Les efforts intenses sont-ils dangereux pour les enfants

Les efforts intenses sont-ils dangereux pour les enfants ?


Quels sont les
impacts des fortes sollicitations du métabolisme anaérobie sur la santé des enfants et des
adolescents ? De nouveaux travaux issus de recherches en physiologie de
l’enfant et de l’adolescent apportent aujourd’hui de nouveaux éléments.
FICHIER INEXISTANT : 3
Par Claire
Thomas-Junius, Maitre de Conférences-HDR, Université Evry Val d’Essonne, UFR
SFA, Département STAPS, Evry
INSEP, Mission Recherche, Laboratoire de
Biomécanique et Physiologie, Paris
En 1976, lors des Jeux Olympiques de Montréal, une nouvelle image de l’enfant sportif apparaissait au travers des exploits extraordinaires d’une gymnaste, Nadia Comanecci qui  réalisa des performances exceptionnelles alors qu’elle n’était âgée que de 15 ans.

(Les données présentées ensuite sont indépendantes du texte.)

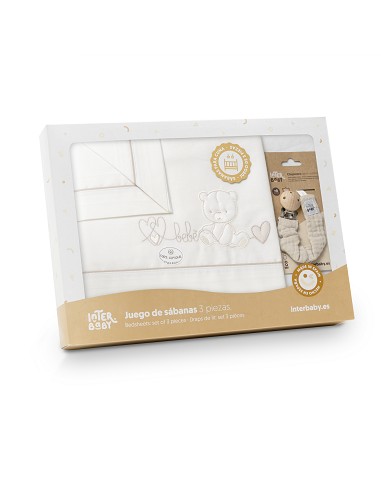Triptico Cuna Corazon Oso Bebe+Broche Beig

Dans un précédent numéro, nous avions cité les travaux de C. Colombo, L Guelzec, et C. Hanon de l’INSEP en gymnastique -sol, cheval d’arçons- barre fixe-, qui montraient que la réalisation de ces différents agrès pouvait conduire chez des jeunes athlètes de haut niveau à une très forte sollicitation du métabolisme anaérobie. Quels sont les impacts de ce type de sollicitations sur la santé des enfants et des adolescents ? De nouveaux travaux issus de recherches en physiologie de l’enfant et de l’adolescent apportent aujourd’hui de nouveaux éléments.
Les références
d’hier !
Sébastien Ratel (Université de
Clermont-Ferrand), expert national et international en physiologie de l’enfant
et de l’adolescent, souligne que les efforts anaérobies lactiques chez les
enfants et les jeunes adolescents sont
encore perçus la plupart du temps comme des efforts dangereux
 pour leur
santé et inutiles en termes de développement de leur capacité anaérobie (2012).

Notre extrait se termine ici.